Meses atrás o presidente Jair foi entrevistado pelo radialista José Luiz Datena, do grupo Bandeirantes de Comunicação.

A certa altura Datena perguntou a tiro roupa: “Presidente, o senhor está pensando em dar um golpe de estado?”. E com uma desenvoltura desconcertante o grande Jair respondeu sem pestanejar: “Datena, quem está pensando em fazer isso nunca irá admitir publicamente”.

Na época o país estava no auge das tensões políticas. Enquanto os números de casos de covid-19 aumentavam em escala geométrica, os seus seguidores, em todos os finais de semana, saiam às ruas despreocupadamente gritando palavras de ordem contra o Congresso Nacional e, principalmente, contra o Supremo Tribunal Federal. Nessa narrativa incluía-se também apelo aos quartéis para que interviessem na ordem institucional do país.

E não raramente o próprio presidente marcava presença nessas aglomerações, sem máscara e apertando as mãos e até abraçando os seguidores mais radicais.

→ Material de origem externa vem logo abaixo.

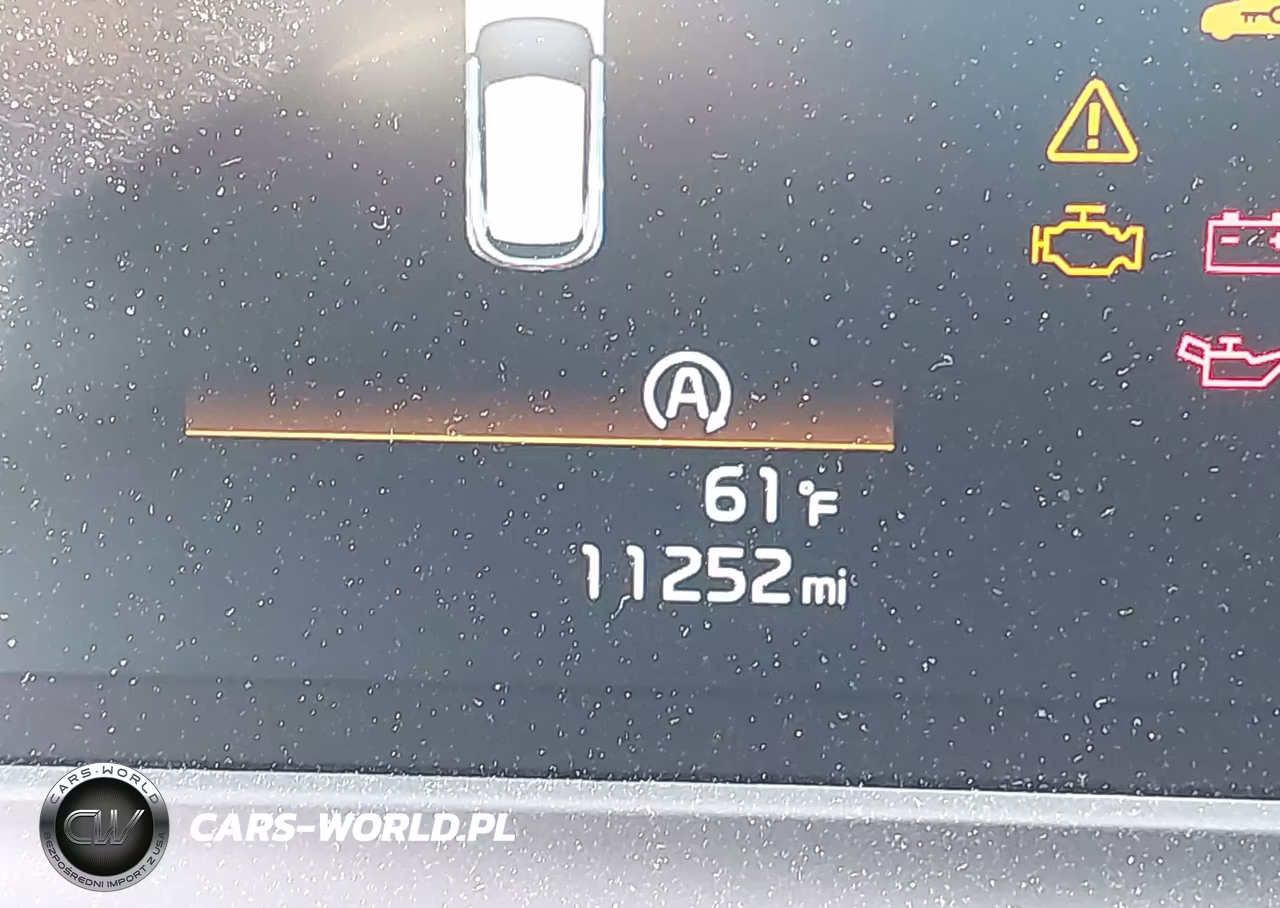 2024 Kia Seltos Lx VIN:KNDEPCAAXR7638724 - 15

Mas eis que veio a detenção de Fabrício Queiroz pela Polícia Civil de São Paulo em uma operação conjunta com a Polícia do Rio, sob a coordenação do Ministério Público também daquele estado.

O number one do clã, que a aquela altura já ensaiava uma mudança de discurso (tinha realizado até uma reunião ministerial bem comportadinha, com transmissão em tempo real pela internet), mudou da água para o vivo.

Toda aquela agressividade que vociferava contra tudo e contra todos deu lugar a um discurso muito mais ameno e conciliador. Neste interim tinha até enviado três de seus auxiliares diretos para conversar, em “missão de paz”, com o ministro Alexandre de Moraes, o seu algoz do STF.

Isso sem falar de sua capitulação à política tradicional, abrindo as portas de seus ministérios para as raposas do Centrão.

De fato, a prisão preventiva do ex-faz tudo do então deputado estadual Flávio Bolsonaro foi um divisor de águas do atual governo. Com um manancial de informações e confidências de alguém que usufruiu anos a fio da amizade do clã, Fabrício Queiroz é mais que um homem bomba, é um cidadão com um potencial de destruição de uma ogiva nuclear.

Muita gente acredita que a detonação desse explosivo artefato seria a prisão de sua mulher, Márcia Oliveira, ainda foragida.